I am forcing myself to learn how to script solely in AppleScript but I am currently facing an issue with trying to remove a particular tag with a class. I've tried to find solid documentation and examples but at this time it seems to be very limited.
Here is the HTML I have:
<p>Bacon ipsum dolor amet pork chop landjaeger short ribs boudin short loin jowl <span class="foo">shoulder</span> biltong shankle capicola drumstick pork loin rump spare ribs ham hock. <span class="bar">Pig brisket</span> jowl ham pastrami <span class="foo">jerky</span> strip steak bacon doner. Short loin leberkas jowl, filet mignon turducken chicken ribeye shank tail swine strip steak pork loin sausage. Frankfurter ground round porchetta, pork short ribs jowl alcatra flank sausage.</p>
What I am trying to do is remove a particular class, so it would remove <span class="foo">
, result:
<p>Bacon ipsum dolor amet pork chop landjaeger short ribs boudin short loin jowl shoulder biltong shankle capicola drumstick pork loin rump spare ribs ham hock. <span class="bar">Pig brisket</span> jowl ham pastrami jerky strip steak bacon doner. Short loin leberkas jowl, filet mignon turducken chicken ribeye shank tail swine strip steak pork loin sausage. Frankfurter ground round porchetta, pork short ribs jowl alcatra flank sausage.</p>
I know how to do this with do shell script
and through the terminal but I am wanting to learn what is available through AppleScript's dictionary.

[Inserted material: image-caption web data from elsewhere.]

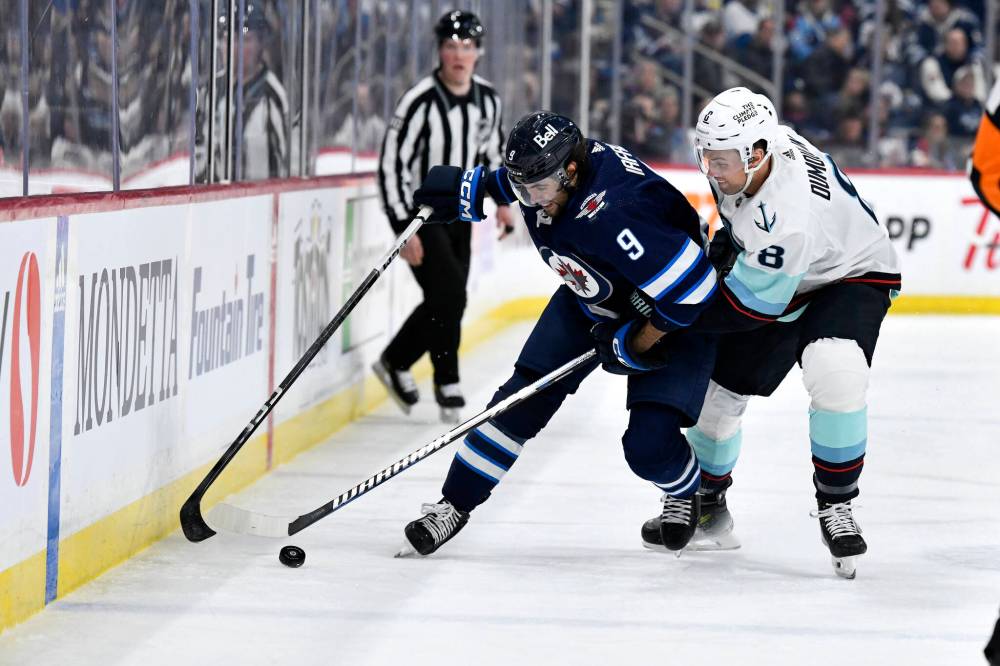 Whether it‘s killing penalties, looking for goals on the power play or anything in between, Jets forward Alex Iafallo (left) has proven he can get the job done. (Fred Greenslade / The Canadian Press files)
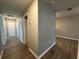 Hallway features wood-look flooring, neutral paint, and doors leading to various rooms at 13344 Great Plains S Dr, Riverview, FL 33579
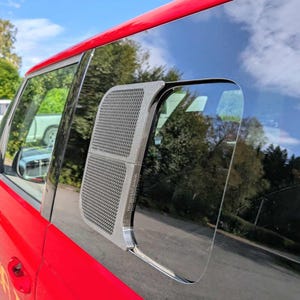 Könnte beinhalten: Seitenfenster eines roten Fahrzeugs mit einem silberfarbenen Lüftungsdeckel mit Netzmuster. Das Fenster spiegelt den Himmel und die umliegenden Bäume wider. Der Lüftungsdeckel hat eine rechteckige Form mit abgerundeten Ecken.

In research I was able to find a way to parse all HTML tags with:
on removeMarkupFromText(theText)
set tagDetected to false
set theCleanText to ""
repeat with a from 1 to length of theText
set theCurrentCharacter to character a of theText
if theCurrentCharacter is "<" then
set tagDetected to true
else if theCurrentCharacter is ">" then
set tagDetected to false
else if tagDetected is false then
set theCleanText to theCleanText & theCurrentCharacter as string
end if
end repeat
return theCleanText
end removeMarkupFromText
but that removes all HTML tags and that is not what I want. Searching SO I was able to find how to extract between tags with Parsing HTML source code using AppleScript but I'm not looking to parse the file.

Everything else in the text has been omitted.